From Mr. Brian Riedl, in NRO:
The multiplier is small because, in the modern economy, idle savings are not common — even during a recession.
I don’t understand Mr. Riedl’s logic (see my puzzlement here), but I’ll just focus my comments on his reliance of Barro’s empirical assessment of the multiplier. I think it useful to survey the academic literature, particularly the recent research, rather than hang everything on one paper.

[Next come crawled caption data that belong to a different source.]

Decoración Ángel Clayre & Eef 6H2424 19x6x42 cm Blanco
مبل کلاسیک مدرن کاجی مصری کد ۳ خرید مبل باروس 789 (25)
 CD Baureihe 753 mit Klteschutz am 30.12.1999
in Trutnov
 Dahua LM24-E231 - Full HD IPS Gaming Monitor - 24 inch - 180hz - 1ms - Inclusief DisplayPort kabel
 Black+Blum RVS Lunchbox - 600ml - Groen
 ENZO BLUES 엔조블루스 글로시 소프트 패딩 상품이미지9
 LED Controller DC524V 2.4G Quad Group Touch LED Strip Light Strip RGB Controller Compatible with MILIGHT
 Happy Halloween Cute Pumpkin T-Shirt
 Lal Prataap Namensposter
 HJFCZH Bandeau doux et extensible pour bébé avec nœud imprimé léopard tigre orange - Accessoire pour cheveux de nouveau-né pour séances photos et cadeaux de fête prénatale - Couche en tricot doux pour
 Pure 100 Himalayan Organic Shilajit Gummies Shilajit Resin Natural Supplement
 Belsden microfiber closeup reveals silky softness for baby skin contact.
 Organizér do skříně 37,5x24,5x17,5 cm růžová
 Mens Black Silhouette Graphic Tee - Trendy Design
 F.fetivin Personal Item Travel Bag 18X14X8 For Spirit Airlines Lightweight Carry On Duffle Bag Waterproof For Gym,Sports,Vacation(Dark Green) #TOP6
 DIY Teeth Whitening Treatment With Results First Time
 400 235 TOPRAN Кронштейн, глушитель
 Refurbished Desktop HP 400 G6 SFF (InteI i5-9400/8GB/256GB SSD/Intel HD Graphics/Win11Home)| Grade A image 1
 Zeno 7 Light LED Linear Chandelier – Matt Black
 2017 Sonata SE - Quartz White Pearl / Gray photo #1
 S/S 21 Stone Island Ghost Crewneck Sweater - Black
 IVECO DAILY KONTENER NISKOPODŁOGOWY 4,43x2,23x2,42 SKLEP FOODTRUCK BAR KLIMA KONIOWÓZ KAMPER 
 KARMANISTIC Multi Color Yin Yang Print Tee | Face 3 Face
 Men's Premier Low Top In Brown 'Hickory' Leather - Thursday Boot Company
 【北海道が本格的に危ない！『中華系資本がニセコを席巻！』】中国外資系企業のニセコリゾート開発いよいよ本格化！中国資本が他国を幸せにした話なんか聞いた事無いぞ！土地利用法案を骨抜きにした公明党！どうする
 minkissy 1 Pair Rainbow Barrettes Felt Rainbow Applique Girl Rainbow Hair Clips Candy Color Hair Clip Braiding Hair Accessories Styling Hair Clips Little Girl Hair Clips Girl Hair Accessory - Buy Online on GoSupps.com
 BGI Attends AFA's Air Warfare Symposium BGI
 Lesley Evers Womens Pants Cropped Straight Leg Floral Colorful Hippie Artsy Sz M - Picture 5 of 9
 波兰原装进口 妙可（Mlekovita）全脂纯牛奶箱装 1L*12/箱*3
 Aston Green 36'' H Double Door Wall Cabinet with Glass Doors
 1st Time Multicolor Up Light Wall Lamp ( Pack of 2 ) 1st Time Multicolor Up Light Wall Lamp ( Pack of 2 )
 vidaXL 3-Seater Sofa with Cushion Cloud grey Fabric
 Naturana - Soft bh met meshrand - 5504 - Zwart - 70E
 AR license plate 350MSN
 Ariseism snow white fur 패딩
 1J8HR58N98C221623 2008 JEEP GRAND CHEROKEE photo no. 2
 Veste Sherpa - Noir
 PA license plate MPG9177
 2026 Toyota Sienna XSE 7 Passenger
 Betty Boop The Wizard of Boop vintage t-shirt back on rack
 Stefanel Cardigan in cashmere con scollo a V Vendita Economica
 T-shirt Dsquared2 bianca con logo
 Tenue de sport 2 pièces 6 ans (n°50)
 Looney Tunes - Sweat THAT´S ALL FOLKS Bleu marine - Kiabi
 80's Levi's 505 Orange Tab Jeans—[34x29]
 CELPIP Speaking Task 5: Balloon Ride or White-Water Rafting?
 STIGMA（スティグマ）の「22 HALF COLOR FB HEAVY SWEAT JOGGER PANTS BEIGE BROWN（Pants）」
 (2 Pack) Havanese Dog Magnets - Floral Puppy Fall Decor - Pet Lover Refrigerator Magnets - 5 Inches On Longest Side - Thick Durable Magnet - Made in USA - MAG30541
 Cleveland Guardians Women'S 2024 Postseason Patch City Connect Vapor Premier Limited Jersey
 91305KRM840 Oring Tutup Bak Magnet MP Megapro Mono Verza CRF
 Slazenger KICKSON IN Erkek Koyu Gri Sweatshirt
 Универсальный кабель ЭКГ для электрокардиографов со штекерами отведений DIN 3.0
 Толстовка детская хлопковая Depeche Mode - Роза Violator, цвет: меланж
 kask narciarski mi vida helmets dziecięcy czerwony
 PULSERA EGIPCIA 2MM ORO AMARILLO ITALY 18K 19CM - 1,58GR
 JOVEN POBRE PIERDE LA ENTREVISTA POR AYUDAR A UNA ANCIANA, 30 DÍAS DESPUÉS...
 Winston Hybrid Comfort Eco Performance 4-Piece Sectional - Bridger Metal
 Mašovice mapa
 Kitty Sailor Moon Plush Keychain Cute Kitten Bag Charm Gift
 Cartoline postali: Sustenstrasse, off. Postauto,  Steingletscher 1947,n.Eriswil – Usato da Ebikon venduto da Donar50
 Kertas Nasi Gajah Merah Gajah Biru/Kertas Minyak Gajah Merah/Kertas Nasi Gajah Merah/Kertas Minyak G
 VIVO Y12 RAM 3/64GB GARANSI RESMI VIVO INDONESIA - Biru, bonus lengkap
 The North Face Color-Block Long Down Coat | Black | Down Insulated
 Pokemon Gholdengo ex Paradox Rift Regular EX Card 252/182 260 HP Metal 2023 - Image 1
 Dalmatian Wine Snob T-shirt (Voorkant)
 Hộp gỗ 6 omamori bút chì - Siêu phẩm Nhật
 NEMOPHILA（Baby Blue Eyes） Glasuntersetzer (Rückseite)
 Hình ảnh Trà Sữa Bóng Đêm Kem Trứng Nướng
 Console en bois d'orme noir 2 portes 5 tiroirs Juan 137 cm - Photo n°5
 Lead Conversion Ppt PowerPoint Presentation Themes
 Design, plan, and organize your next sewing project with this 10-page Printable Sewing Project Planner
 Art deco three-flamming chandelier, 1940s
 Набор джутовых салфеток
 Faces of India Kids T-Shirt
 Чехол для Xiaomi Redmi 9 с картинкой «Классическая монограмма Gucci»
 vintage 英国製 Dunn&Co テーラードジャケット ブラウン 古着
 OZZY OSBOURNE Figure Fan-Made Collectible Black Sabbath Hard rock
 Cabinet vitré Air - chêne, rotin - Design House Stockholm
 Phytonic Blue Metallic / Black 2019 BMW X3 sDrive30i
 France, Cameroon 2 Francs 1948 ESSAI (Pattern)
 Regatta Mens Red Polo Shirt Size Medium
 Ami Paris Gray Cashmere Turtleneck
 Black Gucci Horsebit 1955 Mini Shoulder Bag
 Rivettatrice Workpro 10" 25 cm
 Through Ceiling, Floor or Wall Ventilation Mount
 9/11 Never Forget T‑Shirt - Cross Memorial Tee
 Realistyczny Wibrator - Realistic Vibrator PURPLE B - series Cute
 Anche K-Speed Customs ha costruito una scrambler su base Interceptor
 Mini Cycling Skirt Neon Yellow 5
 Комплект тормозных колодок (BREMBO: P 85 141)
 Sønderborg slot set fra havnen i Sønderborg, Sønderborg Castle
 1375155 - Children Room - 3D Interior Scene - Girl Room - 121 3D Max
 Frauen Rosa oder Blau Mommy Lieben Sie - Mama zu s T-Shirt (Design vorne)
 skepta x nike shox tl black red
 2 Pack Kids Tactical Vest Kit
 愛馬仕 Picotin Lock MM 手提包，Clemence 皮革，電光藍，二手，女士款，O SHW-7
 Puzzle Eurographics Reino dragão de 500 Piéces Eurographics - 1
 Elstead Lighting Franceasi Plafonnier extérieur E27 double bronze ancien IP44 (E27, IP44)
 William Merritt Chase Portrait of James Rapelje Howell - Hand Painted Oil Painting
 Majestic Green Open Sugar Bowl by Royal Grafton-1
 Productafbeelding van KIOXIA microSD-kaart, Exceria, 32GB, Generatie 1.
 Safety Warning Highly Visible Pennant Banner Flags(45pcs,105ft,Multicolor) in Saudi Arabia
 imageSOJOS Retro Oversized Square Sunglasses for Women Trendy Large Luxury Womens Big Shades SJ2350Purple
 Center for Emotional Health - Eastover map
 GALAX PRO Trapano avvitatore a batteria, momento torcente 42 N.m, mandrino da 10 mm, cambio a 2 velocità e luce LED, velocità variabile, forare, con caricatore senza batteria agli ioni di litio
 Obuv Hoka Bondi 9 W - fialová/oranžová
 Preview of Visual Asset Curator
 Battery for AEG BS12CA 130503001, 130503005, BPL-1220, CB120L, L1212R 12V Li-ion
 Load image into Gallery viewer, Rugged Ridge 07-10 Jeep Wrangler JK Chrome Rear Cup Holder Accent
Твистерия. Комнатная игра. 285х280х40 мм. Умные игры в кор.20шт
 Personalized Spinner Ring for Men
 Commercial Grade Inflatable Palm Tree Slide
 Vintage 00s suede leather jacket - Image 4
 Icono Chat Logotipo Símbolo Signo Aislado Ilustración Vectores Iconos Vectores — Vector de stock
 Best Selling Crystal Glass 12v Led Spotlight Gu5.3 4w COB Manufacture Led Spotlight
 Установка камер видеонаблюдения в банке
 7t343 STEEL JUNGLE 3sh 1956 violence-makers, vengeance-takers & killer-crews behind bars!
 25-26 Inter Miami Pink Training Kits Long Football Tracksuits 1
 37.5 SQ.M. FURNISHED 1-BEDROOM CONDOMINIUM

More systematically, we can do a meta-analysis. Here is the abstract from a paper published in Oxford Economic Papers:
I apply a meta-regression analysis to a unique data set of 104 studies on multiplier effects to derive stylized facts and quantify the differing effectiveness of the composition of fiscal impulses, adjusted for study design characteristics. Public spending multipliers are close to 1 and about 0.3 to 0.4 units larger than tax and transfer multipliers. Public investment multipliers are even larger than those of spending in general by approximately 0.5 unit. Multipliers vary with study design, whose influence should be laid open when drawing policy conclusions. The analysis provides guidance concerning influential factors, their significance, and magnitude.
Ungated working paper version of the article, here.
It’s not a long paper, but one can easily see how the multiplier estimates line up against Mr. Riedl’s “near zero” estimates.
Now, there is a great deal of heterogeneity in multipliers (government consumption, defense spending, government investment, transfers, tax cuts, etc.), so it’s useful to disaggregate a bit. That’s done in Table 1 from the paper.
Key: public consumption (CONS), public investment (INVEST), military spending (MILIT), direct public employment (EMPLOY), transfers to households (TRANS), and tax cuts (TAX), public spending, not specified (SPEND); and budget deficits (DEFICIT).
Mr. Riedl continues his argument against stimulus efficacy by rewriting history:
While the massive 2009 stimulus is often cited as a success, a closer inspection reveals otherwise. The economy was already out of recession by the summer of 2009, before more than a small fraction of the stimulus had even been implemented.
True that the trough was dated at 2009Q2 by NBER — of course the output gap was something on the order -6.2% (log terms, using latest vintage of data, January 2020 CBO estimate of potential GDP). From Riedl’s description, I guess we should’ve just sat back and enjoyed the associated elevated unemployment, rather than try to shrink the output gap.